But Merkel also came to the summit well-armed.
In an address to the Bundestag on Thursday morning she said the European Commission should have far-reaching powers to challenge national budgets.
She noted that even though the idea would be unpopular in some quarters - with France keen on retaining sovereignty in this area - Germany would "make the case" anyway.
The two leaders had a brief meeting before the summit. A German delegation source said it took place in a "good atmosphere" and that the summit programme for further development of economic and monetary union was discussed. French diplomats, according to Reuters, briefed that the two leaders agreed on the need for a tight timetable for a banking union.
The banking union - meant to prevent banks building up dangerous debt holes - has become the symbolic battle ground for the different stands of thinking in Berlin and Paris.

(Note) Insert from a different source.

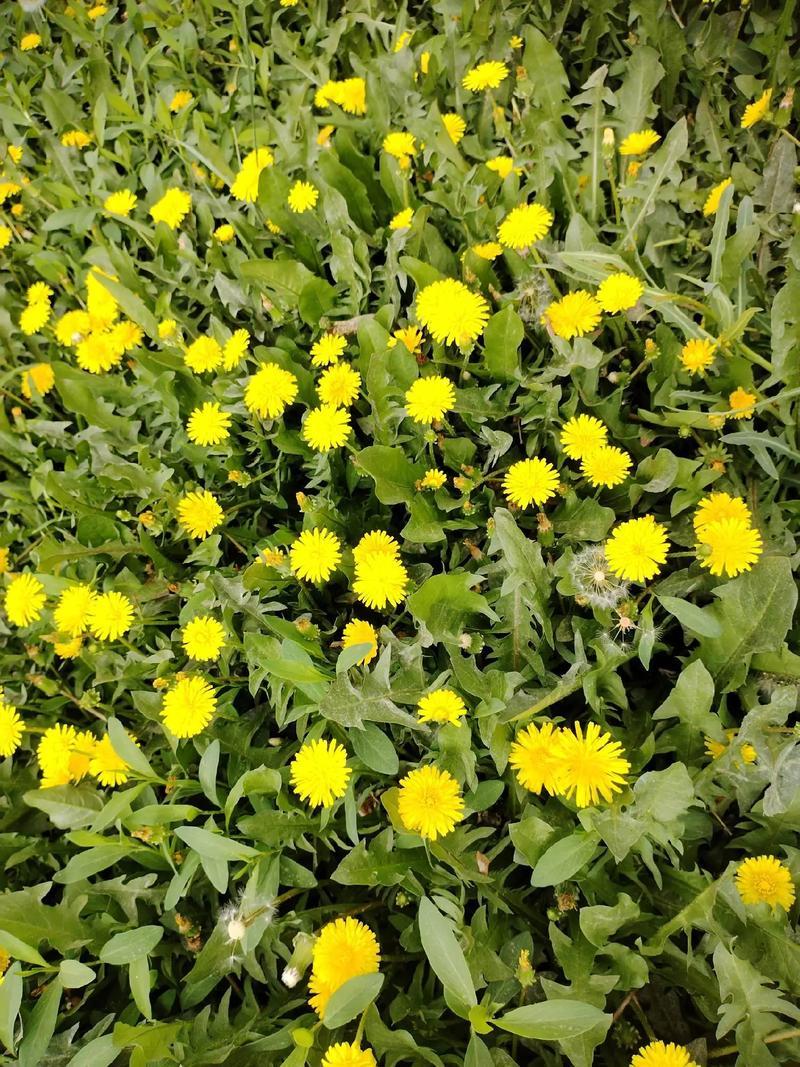 野生蒲公英种子的种籽种植婆婆丁浦公英四季盆栽食用蔬菜野菜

While Berlin wants fiscal discipline and centralised budgetary oversight before it will open its coffers, Paris wants more solidarity, particularly towards struggling countries - before committing to such ideas.
Both sides are increasingly frowning at one another in self-righteous incomprehension.

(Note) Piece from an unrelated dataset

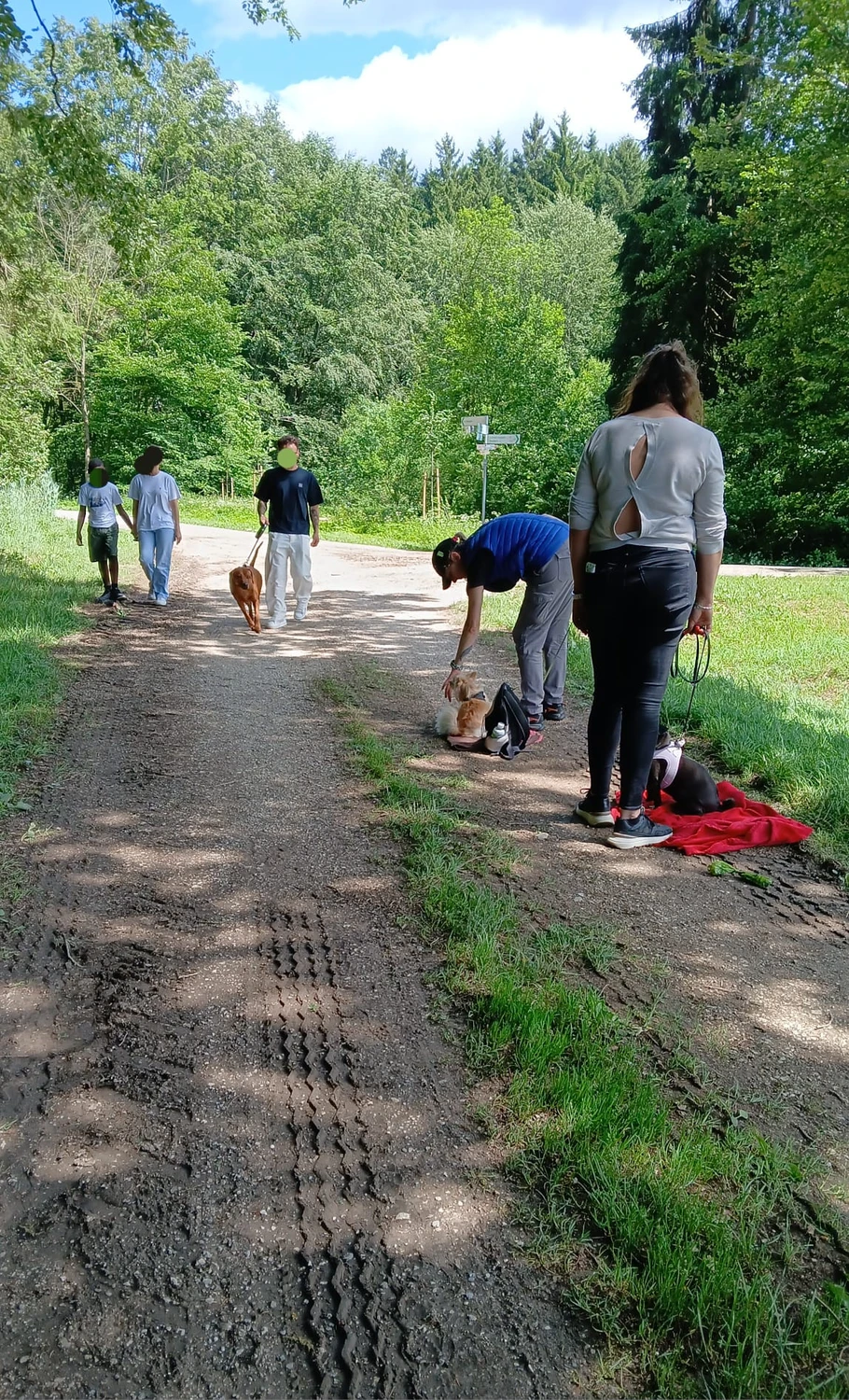 Pfotenweise – Mobile Hundeschule – Eine Gruppe von Menschen geht mit ihren Hunden auf einem sonnigen, von Bäumen gesäumten Feldweg spazieren und interagiert mit ihnen; einige Hunde sitzen auf einer roten Matte, andere werden an der Leine geführt.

Adding to the strained dynamic of the summit - meant to be a no-decisions affair on how to further political integration - is the relation between euro and non-euro countries.
The eight mainly eastern non-euro countries that are obliged to join the single currency want to make sure that eurozone area decisions do not adversely affect them.
But one non-euro country in particular is stealing the limelight. Britain, which has no obligation to join the euro, is increasingly being seen as slowly disengaging itself from the EU.
Its notoriously lukewarm stance towards the Union was underlined when it refused to take part in a fiscal discipline treaty late last year and further emphasized when earlier this week announced it intended to opt out of 130 pieces of EU justice and home affairs legislation.
And in a symbolic move Prime Minister David Cameron for the first time since he became UK leader attended a pre-summit meeting with politicians from the anti-federalist Conservatives and Reformists faction that his Conservative Party aligns itself with in the European Parliament.
A post-meeting photo makes it clear, Cameron is not sitting with the power-wielders of Europe.
Remarking on the development, Finnish Europe minister Alex Stubb said Britain appeared to be slowly saying "bye bye" to the EU.
"I think Britain is right now, voluntarily, by its own will, putting itself in the margins," he told Reuters news agency.